Requirement: When you reach the line containing "18K金镶嵌戒指翡翠马鞍" in the records below, start copying exactly, and stop once you have copied the line containing "Castletown House 37/70".

:::

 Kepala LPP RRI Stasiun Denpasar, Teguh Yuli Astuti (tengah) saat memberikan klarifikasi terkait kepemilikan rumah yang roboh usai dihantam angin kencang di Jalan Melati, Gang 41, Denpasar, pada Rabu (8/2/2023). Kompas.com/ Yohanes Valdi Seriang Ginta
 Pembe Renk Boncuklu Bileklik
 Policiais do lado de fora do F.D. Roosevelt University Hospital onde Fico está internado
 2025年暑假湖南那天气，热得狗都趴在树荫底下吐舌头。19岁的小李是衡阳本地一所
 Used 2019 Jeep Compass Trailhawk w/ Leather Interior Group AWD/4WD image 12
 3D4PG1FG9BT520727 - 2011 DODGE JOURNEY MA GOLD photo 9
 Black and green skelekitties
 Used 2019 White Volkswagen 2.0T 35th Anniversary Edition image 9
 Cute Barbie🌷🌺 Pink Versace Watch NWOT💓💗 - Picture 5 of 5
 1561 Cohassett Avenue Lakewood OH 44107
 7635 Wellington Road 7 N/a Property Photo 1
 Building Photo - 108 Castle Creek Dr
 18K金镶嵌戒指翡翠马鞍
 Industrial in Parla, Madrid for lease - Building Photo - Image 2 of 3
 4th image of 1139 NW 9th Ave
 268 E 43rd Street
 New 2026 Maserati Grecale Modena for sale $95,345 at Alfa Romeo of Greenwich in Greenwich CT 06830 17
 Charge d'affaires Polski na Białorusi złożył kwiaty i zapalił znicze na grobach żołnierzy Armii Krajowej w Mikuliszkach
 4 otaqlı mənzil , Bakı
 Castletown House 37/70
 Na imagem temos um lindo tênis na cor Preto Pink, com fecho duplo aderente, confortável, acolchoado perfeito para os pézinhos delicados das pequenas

:::

Problem solution:
 18K金镶嵌戒指翡翠马鞍
 Industrial in Parla, Madrid for lease - Building Photo - Image 2 of 3
 4th image of 1139 NW 9th Ave
 268 E 43rd Street
 New 2026 Maserati Grecale Modena for sale $95,345 at Alfa Romeo of Greenwich in Greenwich CT 06830 17
 Charge d'affaires Polski na Białorusi złożył kwiaty i zapalił znicze na grobach żołnierzy Armii Krajowej w Mikuliszkach
 4 otaqlı mənzil , Bakı
 Castletown House 37/70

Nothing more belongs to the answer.